Riverside's citizens are proud of the city's unique character born from a tradition of careful planning, from its carefully laid out historic Mile Square to its 1924 Civic Center designed by the same planner responsible for San Francisco's, Charles Cheney. Through the City's Office of Historic Preservation, it is committed to preserving the past as a firm foundation for the future. Over 100 City Landmarks, 20 National Register Sites and 2 National Landmarks have been designated by the City Council, all offering enjoyment and education to city residents and visitors.

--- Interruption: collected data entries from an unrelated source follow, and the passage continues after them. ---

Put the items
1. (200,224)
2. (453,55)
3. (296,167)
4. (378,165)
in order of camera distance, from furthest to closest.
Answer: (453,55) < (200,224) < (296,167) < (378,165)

Riverside is fortunate to have a wealth of sites and buildings that provide a link to the city's past and a strong sense of place. This is the result of the hard work and careful planning of the city's Historic Preservation Program. Created by the City Council in 1969, it identifies and advances the preservation of Riverside's historic neighborhoods, and civic and commercial resources.
Examples include the Mission Inn, the Chinatown site, the National Packing House, Citrus Experiment Station and engineering feats like the Gage Canal. Many of these landmarks are found in the Downtown's Mission Inn Historic District. California's Mission Revival style, born in Riverside, can be seen throughout the City, most notably in the Mission Inn, the Municipal Auditorium, First Church of Christ Scientist, and the Fox Theater, home of the Riverside Film Festival.

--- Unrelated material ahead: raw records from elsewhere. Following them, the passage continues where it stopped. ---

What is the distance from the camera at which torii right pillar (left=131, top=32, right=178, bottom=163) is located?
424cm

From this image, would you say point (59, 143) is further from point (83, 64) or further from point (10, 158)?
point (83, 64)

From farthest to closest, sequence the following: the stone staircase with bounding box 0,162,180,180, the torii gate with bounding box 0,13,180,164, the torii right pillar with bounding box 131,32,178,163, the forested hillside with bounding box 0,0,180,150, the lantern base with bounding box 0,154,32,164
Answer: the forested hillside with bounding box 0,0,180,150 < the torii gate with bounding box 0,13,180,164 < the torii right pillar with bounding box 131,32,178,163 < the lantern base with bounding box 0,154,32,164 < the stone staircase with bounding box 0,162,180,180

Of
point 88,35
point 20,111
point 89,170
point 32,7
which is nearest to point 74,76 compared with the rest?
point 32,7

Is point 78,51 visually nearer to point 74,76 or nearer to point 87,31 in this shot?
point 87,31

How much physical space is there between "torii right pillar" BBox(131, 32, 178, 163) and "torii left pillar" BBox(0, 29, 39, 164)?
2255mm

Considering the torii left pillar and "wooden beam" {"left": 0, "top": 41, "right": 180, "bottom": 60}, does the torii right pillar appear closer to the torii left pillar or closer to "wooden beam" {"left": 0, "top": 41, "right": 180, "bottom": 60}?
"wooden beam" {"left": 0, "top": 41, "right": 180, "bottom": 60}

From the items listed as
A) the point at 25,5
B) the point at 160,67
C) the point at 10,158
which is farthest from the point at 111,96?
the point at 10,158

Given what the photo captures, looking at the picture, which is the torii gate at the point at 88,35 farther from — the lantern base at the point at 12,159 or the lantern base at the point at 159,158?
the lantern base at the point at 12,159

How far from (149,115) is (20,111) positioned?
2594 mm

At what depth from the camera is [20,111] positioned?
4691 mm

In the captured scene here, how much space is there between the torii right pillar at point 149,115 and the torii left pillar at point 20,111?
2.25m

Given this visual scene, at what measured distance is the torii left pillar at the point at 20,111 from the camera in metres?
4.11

The Mission Inn was developed from the Glenwood Tavern, owned by Captain Christopher Columbus Miller, who moved to Riverside in 1874 to survey land for the Gage Canal, which brought water to Riverside. His son Frank developed a lasting interest in culture and the arts and took over the expansion of the Inn. Over the years he embellished and expanded it into a unique resort known all over the world. It has played host to numerous movie stars, musicians and heads of state. Ronald and Nancy Reagan honeymooned there, and Richard and Pat Nixon were married on its grounds. Teddy Roosevelt planted a tree in its courtyard, and a special chair, built for President William Howard Taft when he visited, is still in the Inn's collection.

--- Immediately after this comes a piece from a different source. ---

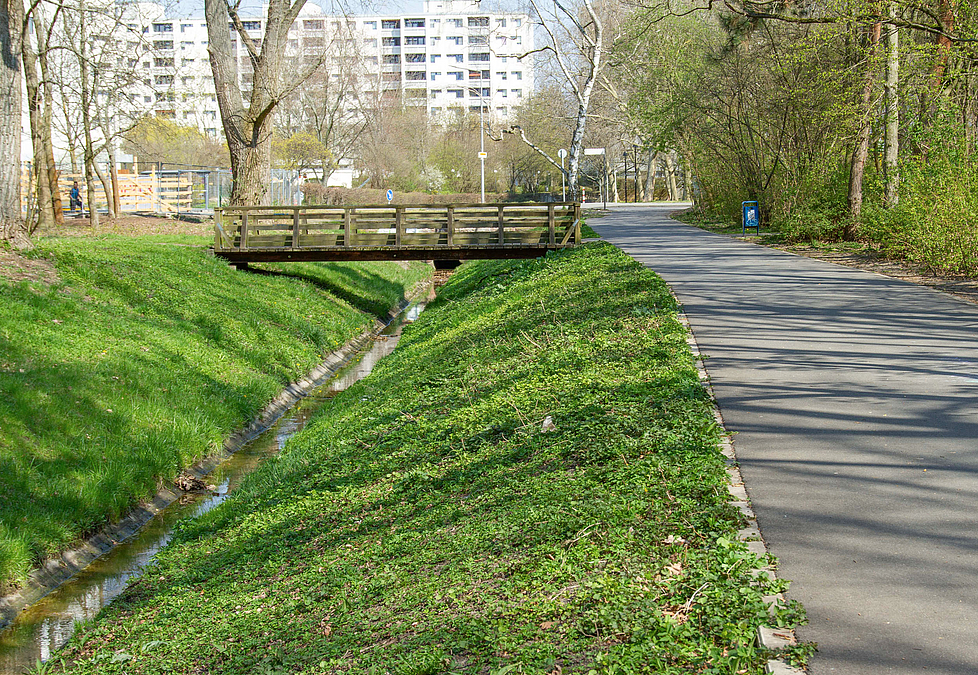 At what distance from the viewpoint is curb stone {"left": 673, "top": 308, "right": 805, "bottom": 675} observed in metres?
4.10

Many of Riverside's historic buildings are open to the public including the Catherine Bettner home, restored and renamed the Heritage House, which is open for tours. The Riverside Art Museum was designed by America's most successful woman architect, Julia Morgan, famous for William Randolph Hearst's Castle in San Simeon. It was originally constructed for the YWCA on land donated by Frank Miller. Benedict Castle was built as a private residence by Henry Jekel and is now occupied by Teen Challenge. It is available for special events and filming as are many of Riverside's historic homes and neighborhoods.
About the Raincross Symbol
The unique City Raincross Symbol is derived from combining a replica of the mass bell used by Father Junipero Serra, missionary priest and founder of the California Missions, and the cross to which the Navajo and Central American Indians prayed for rain. Called the "Raincross" symbol, it was designed for the Mission Inn and given to the city by Frank Miller. The Raincross symbol has been identified with Riverside since 1907. Variations of the symbol are used extensively throughout Riverside in architecture, street signs and lighting standards, and is used on the City flag.
Playing on the nostalgia for the state's Spanish heritage and the romanticized images of the missions and the Indians portrayed by Helen Hunt Jackson in her novels, Miller, Matthew Gage, the Sunkist Cooperative, the Santa Fe Railroad and other city boosters worked together to market Riverside as a Spanish Mediterranean Mecca. Riverside's climate and landscapes continue to evoke this Mediterranean paradise. There is a strong community support for historic preservation for a city that reveres its past and has built on that firm foundation.